### [EXERCISE DESCRIPTION]
Find the line in the entries below that contains "Mobile Bagno Sospeso". Repeat it exactly, and every line after it through the line that contains "Surrealist Flowers Skull Paint By Numbers".

··· RECORDS SUPPLIED ···

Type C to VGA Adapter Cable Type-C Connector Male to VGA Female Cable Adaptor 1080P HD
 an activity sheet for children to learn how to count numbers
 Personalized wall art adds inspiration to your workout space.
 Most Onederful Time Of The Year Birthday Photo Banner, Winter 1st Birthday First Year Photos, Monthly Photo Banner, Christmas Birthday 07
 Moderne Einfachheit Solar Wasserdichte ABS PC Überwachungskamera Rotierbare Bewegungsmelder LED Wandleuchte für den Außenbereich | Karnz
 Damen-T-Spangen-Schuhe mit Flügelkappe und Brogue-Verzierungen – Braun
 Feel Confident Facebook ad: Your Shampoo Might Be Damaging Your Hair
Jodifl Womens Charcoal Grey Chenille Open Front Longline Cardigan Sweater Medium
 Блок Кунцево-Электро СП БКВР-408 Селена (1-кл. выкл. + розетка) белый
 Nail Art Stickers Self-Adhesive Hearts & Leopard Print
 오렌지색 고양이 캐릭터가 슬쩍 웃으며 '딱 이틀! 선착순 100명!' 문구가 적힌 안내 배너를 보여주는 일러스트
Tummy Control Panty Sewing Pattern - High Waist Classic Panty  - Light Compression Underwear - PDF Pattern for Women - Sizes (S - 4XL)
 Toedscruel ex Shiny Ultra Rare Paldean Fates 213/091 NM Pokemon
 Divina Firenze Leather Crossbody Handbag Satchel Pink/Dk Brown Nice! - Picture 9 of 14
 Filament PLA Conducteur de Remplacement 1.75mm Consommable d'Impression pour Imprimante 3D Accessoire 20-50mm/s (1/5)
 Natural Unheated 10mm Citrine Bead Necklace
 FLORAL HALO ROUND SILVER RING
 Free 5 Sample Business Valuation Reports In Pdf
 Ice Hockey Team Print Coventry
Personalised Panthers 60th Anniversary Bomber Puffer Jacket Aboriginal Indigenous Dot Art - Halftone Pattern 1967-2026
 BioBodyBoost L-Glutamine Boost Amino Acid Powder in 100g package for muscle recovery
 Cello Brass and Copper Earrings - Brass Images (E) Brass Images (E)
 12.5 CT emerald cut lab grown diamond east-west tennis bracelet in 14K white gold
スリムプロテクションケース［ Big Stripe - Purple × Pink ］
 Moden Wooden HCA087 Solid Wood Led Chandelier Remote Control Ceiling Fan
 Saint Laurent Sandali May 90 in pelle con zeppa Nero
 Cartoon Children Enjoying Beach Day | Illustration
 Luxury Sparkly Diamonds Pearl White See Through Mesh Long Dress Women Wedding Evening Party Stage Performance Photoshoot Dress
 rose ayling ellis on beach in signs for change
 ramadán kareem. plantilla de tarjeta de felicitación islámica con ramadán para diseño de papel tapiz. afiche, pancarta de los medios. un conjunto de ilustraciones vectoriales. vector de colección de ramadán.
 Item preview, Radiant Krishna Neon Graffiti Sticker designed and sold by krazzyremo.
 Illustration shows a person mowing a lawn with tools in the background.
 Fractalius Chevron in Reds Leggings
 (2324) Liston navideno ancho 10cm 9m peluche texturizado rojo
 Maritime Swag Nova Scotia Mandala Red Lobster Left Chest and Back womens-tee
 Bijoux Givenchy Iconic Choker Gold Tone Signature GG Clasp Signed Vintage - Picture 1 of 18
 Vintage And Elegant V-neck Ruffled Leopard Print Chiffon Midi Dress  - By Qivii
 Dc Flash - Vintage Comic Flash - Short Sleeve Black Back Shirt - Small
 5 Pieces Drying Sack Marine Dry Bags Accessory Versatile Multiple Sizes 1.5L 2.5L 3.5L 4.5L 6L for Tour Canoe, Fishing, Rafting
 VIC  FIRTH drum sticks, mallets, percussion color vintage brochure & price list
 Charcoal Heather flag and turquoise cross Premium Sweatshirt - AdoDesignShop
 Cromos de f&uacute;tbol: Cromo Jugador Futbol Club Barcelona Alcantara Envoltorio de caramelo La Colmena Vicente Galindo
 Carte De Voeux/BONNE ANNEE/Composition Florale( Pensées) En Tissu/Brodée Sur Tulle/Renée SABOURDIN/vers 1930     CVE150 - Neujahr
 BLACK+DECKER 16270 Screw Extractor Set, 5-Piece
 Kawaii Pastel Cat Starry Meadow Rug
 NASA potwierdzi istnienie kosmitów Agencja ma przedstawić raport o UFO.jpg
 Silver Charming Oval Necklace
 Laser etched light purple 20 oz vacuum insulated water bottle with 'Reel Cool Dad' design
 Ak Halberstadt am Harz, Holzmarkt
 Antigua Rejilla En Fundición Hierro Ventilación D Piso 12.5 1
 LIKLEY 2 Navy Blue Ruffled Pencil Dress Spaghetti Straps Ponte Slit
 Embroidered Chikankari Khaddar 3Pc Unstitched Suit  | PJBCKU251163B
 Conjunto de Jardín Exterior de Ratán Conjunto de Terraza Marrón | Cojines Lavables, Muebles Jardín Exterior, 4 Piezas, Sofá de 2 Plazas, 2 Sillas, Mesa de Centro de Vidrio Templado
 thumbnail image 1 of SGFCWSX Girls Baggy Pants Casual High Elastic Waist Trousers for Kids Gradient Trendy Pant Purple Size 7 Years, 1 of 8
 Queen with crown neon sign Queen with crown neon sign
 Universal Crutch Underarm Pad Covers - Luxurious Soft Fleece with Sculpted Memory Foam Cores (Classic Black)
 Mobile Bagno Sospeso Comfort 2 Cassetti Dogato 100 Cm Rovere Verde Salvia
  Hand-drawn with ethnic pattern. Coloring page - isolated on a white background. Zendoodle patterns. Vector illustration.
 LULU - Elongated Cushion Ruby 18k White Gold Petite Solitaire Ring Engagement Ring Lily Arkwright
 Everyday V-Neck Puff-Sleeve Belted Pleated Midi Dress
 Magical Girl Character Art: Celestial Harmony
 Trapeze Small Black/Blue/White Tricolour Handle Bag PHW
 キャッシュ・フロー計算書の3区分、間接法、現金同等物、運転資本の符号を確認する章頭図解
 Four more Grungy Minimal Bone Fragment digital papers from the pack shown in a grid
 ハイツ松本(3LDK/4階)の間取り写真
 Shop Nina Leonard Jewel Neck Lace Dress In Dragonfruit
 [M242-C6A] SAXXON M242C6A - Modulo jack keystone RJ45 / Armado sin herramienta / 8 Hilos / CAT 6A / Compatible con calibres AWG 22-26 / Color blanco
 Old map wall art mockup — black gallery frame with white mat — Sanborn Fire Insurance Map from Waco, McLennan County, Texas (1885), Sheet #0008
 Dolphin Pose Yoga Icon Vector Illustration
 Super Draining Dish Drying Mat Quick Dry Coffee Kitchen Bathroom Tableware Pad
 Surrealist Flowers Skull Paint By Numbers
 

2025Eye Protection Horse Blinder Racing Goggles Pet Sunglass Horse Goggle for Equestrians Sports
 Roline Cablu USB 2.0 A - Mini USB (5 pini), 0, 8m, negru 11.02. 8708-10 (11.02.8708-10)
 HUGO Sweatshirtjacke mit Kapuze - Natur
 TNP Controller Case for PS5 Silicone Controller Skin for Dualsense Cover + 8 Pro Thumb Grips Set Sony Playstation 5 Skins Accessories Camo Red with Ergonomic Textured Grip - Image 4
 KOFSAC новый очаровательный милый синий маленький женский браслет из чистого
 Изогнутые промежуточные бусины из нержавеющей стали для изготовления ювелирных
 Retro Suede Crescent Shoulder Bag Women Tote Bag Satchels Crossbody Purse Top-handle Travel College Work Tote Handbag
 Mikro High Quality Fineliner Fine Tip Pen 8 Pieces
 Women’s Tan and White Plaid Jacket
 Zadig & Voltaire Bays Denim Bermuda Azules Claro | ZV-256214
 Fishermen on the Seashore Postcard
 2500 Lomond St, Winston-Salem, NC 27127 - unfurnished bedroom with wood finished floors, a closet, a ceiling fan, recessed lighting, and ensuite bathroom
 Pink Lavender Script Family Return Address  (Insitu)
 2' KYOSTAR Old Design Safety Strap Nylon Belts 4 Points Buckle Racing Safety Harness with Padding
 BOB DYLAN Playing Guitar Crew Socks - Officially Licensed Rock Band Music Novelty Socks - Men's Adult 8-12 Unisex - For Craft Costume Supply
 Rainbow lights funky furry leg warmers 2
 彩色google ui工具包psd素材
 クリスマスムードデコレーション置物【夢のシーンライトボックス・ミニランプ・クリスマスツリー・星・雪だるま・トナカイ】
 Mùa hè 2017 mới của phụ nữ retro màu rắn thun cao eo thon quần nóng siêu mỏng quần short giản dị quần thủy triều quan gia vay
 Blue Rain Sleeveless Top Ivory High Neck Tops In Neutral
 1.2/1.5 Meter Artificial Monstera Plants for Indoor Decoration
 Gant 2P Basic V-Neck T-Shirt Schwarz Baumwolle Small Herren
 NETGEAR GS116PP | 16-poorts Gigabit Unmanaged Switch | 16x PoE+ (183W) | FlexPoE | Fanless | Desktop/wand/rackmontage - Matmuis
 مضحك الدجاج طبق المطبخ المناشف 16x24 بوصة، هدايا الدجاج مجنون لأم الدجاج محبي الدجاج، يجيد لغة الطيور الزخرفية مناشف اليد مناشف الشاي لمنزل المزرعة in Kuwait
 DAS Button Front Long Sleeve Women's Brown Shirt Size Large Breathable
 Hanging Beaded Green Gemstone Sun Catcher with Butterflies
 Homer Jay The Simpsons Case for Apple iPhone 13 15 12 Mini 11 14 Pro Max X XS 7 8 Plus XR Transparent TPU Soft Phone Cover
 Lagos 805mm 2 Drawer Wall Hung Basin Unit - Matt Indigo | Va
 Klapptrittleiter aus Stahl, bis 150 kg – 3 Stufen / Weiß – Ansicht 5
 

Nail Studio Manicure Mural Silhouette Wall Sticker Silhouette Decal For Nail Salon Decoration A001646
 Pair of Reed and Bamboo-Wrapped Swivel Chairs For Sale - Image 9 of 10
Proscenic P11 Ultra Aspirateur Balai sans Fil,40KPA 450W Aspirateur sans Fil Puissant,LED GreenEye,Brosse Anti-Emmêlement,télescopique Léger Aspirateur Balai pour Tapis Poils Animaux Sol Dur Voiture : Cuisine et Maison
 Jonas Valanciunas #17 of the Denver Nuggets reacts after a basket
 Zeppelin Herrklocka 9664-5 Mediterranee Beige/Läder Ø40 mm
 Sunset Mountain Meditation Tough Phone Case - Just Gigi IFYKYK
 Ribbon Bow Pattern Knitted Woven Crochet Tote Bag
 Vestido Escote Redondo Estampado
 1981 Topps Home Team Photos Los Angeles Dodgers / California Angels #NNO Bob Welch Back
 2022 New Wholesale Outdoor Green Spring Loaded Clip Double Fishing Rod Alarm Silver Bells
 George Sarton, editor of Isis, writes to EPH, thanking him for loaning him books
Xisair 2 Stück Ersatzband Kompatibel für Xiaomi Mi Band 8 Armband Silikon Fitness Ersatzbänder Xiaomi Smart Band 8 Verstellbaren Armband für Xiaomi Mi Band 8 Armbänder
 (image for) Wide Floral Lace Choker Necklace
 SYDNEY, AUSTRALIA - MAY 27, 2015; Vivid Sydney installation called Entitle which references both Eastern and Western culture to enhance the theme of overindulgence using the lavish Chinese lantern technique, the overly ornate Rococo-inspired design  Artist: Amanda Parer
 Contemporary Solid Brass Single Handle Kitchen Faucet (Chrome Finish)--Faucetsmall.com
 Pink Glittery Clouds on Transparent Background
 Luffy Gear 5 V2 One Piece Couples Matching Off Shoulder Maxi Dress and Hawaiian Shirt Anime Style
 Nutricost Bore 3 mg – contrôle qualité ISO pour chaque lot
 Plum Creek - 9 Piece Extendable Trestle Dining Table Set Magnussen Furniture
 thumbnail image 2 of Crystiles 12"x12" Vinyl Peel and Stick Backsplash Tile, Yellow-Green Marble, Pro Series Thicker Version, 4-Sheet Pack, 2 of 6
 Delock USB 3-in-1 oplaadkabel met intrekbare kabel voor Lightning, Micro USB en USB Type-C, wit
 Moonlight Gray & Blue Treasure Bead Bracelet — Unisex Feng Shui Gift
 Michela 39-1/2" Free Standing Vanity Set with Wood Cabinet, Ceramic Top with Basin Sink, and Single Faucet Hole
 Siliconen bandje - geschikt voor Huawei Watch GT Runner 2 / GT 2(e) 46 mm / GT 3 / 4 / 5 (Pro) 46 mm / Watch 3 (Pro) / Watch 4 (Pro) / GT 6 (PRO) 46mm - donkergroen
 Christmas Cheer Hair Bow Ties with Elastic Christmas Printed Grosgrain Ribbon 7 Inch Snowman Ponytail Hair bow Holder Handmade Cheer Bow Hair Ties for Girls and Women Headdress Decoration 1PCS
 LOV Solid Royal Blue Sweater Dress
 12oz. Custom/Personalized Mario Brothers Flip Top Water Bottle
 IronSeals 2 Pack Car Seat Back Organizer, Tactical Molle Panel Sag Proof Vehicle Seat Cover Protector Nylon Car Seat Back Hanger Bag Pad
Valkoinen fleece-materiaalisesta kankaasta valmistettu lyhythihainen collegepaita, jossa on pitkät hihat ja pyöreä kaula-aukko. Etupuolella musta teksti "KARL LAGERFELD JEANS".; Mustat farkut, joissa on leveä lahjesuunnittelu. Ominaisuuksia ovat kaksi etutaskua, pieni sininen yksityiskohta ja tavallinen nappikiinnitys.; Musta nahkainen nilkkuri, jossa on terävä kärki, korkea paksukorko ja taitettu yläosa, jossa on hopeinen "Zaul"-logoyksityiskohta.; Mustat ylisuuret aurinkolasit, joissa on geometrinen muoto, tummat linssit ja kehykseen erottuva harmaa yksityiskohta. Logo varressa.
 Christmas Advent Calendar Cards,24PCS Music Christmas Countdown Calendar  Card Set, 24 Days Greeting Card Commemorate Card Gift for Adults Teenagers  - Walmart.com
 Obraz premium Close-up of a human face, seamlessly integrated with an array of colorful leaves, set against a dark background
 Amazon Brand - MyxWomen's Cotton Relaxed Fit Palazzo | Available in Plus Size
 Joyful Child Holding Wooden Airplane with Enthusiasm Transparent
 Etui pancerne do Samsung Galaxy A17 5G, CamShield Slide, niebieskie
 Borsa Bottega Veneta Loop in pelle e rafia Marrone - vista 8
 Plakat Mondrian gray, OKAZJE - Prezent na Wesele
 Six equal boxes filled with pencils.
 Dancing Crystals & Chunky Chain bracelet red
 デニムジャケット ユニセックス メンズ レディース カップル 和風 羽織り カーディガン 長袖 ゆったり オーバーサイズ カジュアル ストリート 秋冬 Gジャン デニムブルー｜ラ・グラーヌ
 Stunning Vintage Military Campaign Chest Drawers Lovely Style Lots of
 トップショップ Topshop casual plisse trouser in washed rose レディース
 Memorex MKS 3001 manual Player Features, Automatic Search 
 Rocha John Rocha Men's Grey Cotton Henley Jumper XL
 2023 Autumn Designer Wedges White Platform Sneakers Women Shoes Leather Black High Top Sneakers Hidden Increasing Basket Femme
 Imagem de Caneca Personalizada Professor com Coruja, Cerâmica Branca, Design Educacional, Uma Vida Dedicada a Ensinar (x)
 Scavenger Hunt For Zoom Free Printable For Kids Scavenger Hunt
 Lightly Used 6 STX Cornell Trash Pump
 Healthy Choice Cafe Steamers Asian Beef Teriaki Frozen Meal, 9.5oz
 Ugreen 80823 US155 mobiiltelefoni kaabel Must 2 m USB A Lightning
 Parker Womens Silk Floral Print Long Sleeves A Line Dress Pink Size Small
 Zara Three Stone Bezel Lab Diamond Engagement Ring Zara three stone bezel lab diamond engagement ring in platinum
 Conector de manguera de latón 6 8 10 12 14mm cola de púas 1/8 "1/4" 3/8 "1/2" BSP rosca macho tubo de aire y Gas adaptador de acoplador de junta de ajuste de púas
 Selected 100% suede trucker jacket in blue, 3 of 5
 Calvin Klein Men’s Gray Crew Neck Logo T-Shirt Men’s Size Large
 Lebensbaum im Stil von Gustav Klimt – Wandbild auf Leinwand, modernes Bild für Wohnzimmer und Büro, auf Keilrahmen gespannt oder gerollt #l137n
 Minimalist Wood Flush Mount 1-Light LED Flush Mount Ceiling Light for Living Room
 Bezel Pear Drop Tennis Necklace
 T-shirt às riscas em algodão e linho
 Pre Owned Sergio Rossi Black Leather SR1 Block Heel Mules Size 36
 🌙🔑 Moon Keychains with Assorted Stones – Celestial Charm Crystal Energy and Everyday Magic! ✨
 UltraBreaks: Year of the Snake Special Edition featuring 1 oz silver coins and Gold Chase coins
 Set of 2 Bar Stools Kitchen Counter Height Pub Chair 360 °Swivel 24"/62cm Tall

···

### [SOLUTION TO THIS PROBLEM]
 Mobile Bagno Sospeso Comfort 2 Cassetti Dogato 100 Cm Rovere Verde Salvia
  Hand-drawn with ethnic pattern. Coloring page - isolated on a white background. Zendoodle patterns. Vector illustration.
 LULU - Elongated Cushion Ruby 18k White Gold Petite Solitaire Ring Engagement Ring Lily Arkwright
 Everyday V-Neck Puff-Sleeve Belted Pleated Midi Dress
 Magical Girl Character Art: Celestial Harmony
 Trapeze Small Black/Blue/White Tricolour Handle Bag PHW
 キャッシュ・フロー計算書の3区分、間接法、現金同等物、運転資本の符号を確認する章頭図解
 Four more Grungy Minimal Bone Fragment digital papers from the pack shown in a grid
 ハイツ松本(3LDK/4階)の間取り写真
 Shop Nina Leonard Jewel Neck Lace Dress In Dragonfruit
 [M242-C6A] SAXXON M242C6A - Modulo jack keystone RJ45 / Armado sin herramienta / 8 Hilos / CAT 6A / Compatible con calibres AWG 22-26 / Color blanco
 Old map wall art mockup — black gallery frame with white mat — Sanborn Fire Insurance Map from Waco, McLennan County, Texas (1885), Sheet #0008
 Dolphin Pose Yoga Icon Vector Illustration
 Super Draining Dish Drying Mat Quick Dry Coffee Kitchen Bathroom Tableware Pad
 Surrealist Flowers Skull Paint By Numbers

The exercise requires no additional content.